Following the arrest of Alieu Kosiah on the 10th of November 2014 as well as five years of investigation regarding his implication in the First Liberian Civil War (1989-1996), the Office of the Attorney General (OAG) has announced that Kosiah's case will go to trial. Kosiah allegedly committed war crimes as a commander of the ULIMO faction (United Liberation Movement of Liberia for Democracy), between 1993 and 1995.
Civitas Maxima has been working since 2012 with its Liberia-based sister organization, the Global Justice and Research Project (GJRP) to document crimes committed during the civil wars.
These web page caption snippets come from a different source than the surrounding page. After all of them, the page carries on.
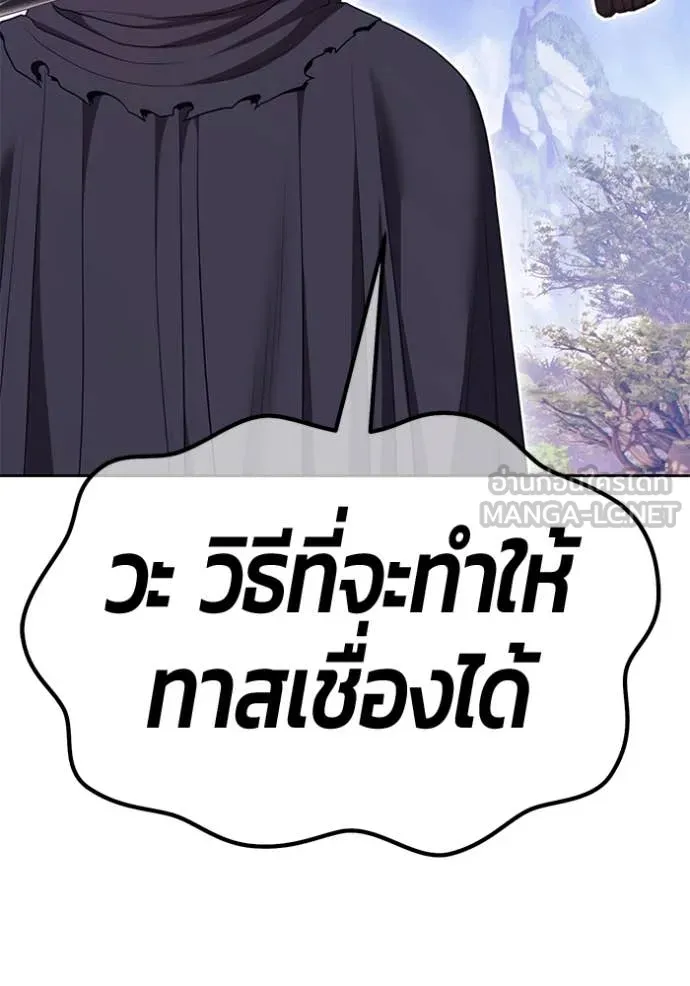 หน้า 391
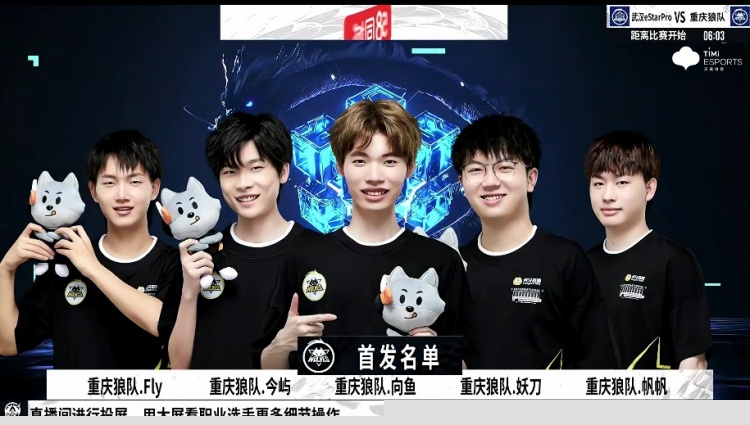 Complexity在BLAST Premier Fall Groups 2024的A组败者组决赛中击败了 Heroic 。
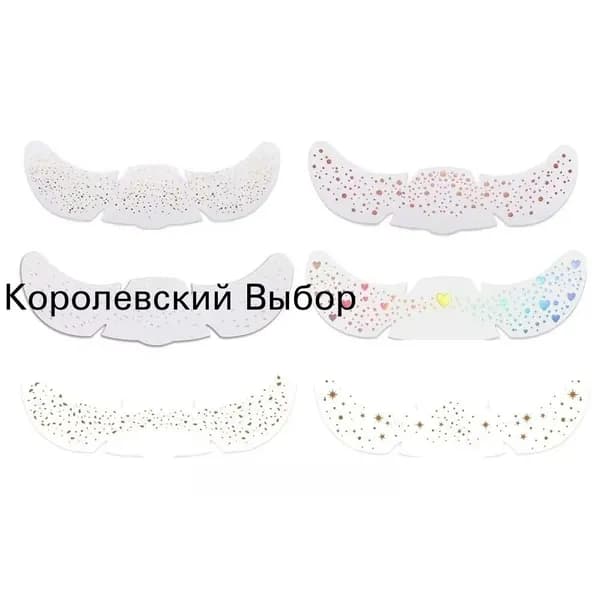 6 шт. Татуировка веснушки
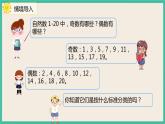 2.5《质数和合数》课件PPT+习题（含答案)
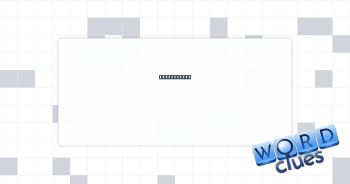 ___-warrior Crossword Clue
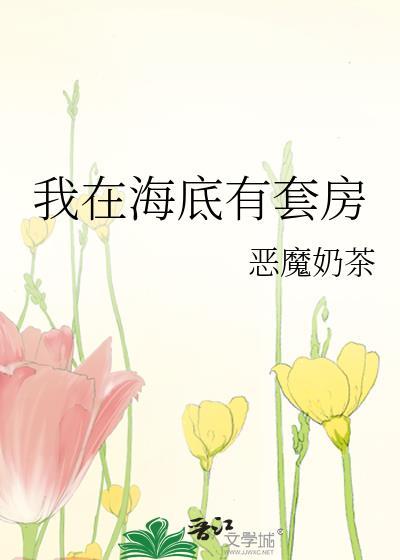 我在海底养怪兽
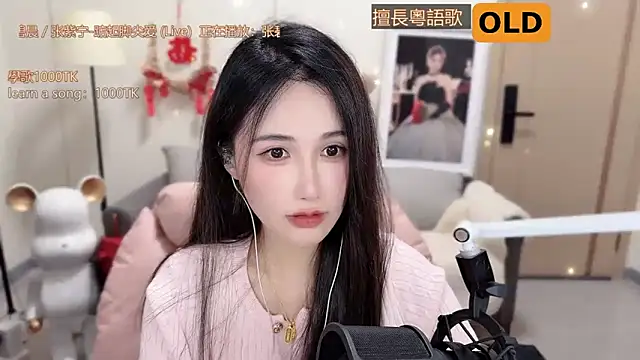 Snapshot of babykitty- chatting on February 27, 12:13 pm babykitty- online show from February 27, 12:13 pm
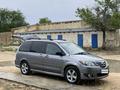 Mazda MPV 2004 года за 2 550 000 тг. в Актау – фото 4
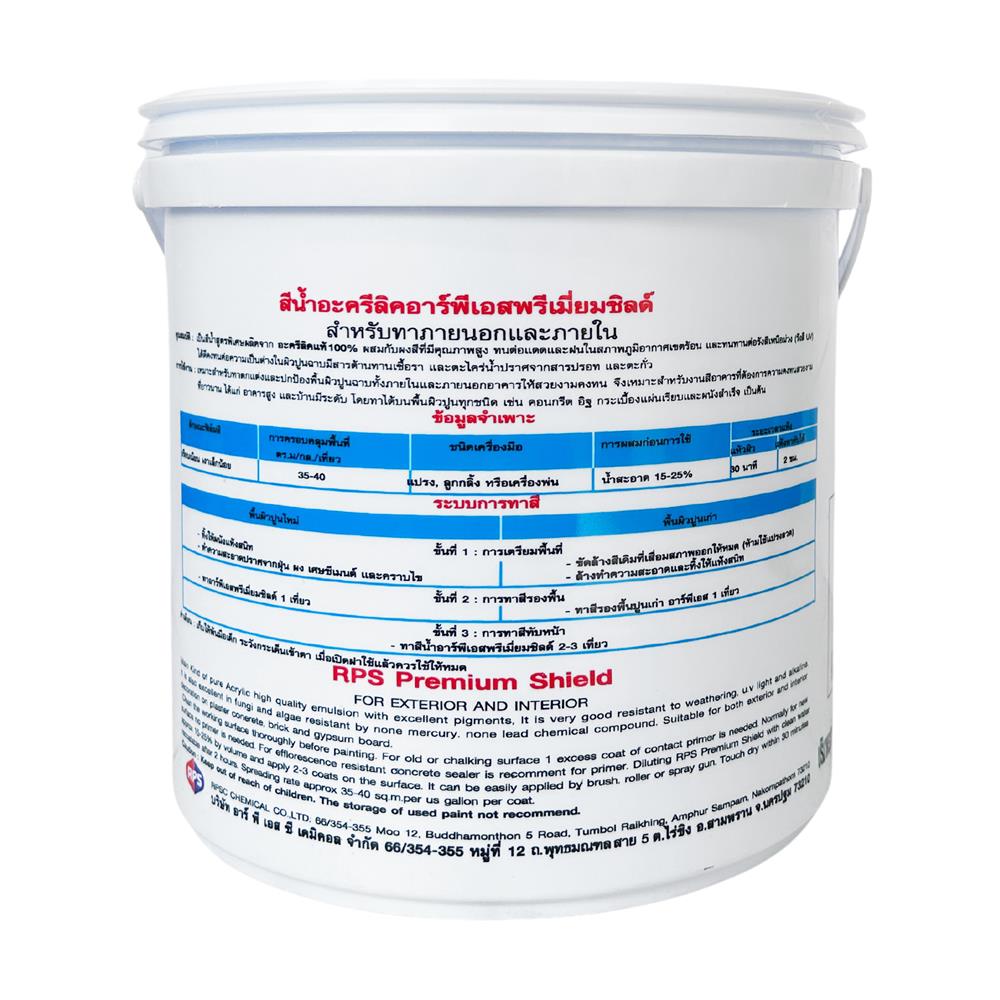 สีรองพื้นปูนใหม่ สูตรน้ำ RPS PREMIUM SHIELD P1000 1 แกลลอน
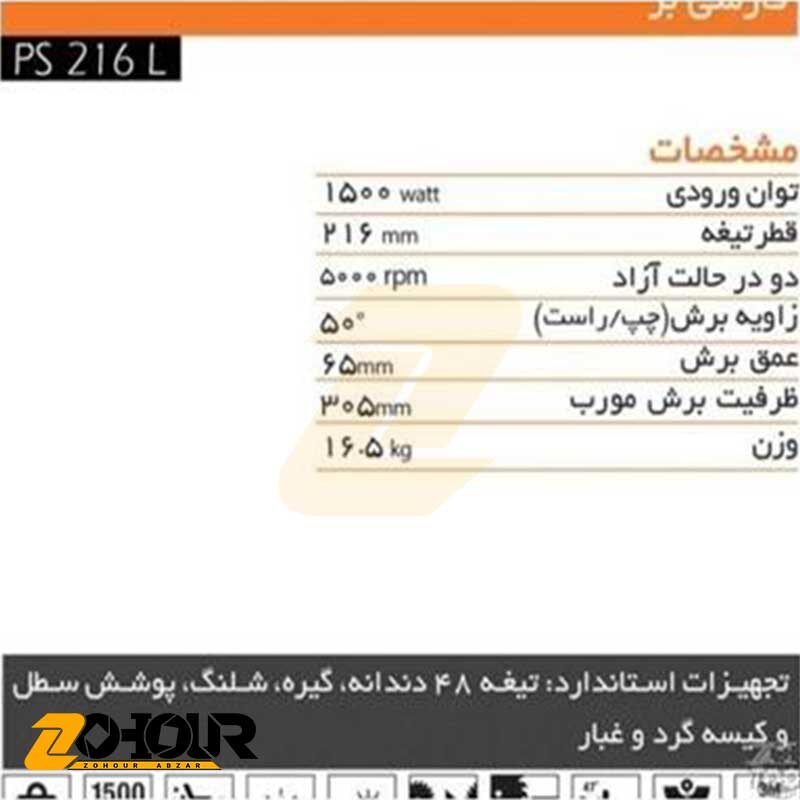 اره فارسی بر کشویی 1500 وات آاگ مدل AEG PS216L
The case against Kosiah was originally initiated by Liberian survivors of the war, supported by Civitas Maxima and the GJRP, who filed criminal complaints against Kosiah.
This is a landmark case, as it is the first time that a ULIMO member is indicted for war crimes, and it will be the first time that an alleged war criminal is tried by the Swiss Federal Criminal Court.
Victims and witnesses heard throughout the investigation implicate Kosiah in acts of sexual violence, recruitment of child soldiers, lootings, ordering and participating in the forced movement of looted goods and ammunitions, forcing civilians to work in cruel conditions, ordering and committing murders, and carrying out acts of cannibalism. He may also face charges under command responsibility.
Alain Werner, Director of Civitas Maxima, and Romain Wavre, Legal Counsel at Civitas Maxima, both lawyers representing several victims, stated that this case is another step towards the greater goal of justice for Liberia. "We are proud that the bravery of the victims who testified against Alieu Kosiah is finally being recognized through this trial. It is important for the victims to know that if they talk, they will be heard."
Hassan Bility, Director of the GJRP, declared that: "This is a great day for justice in Liberia, a great day for all of the victims. We use this occasion to call on the Liberian government to take steps in creating a War Crimes Court in Liberia for the thousands of victims of the civil wars."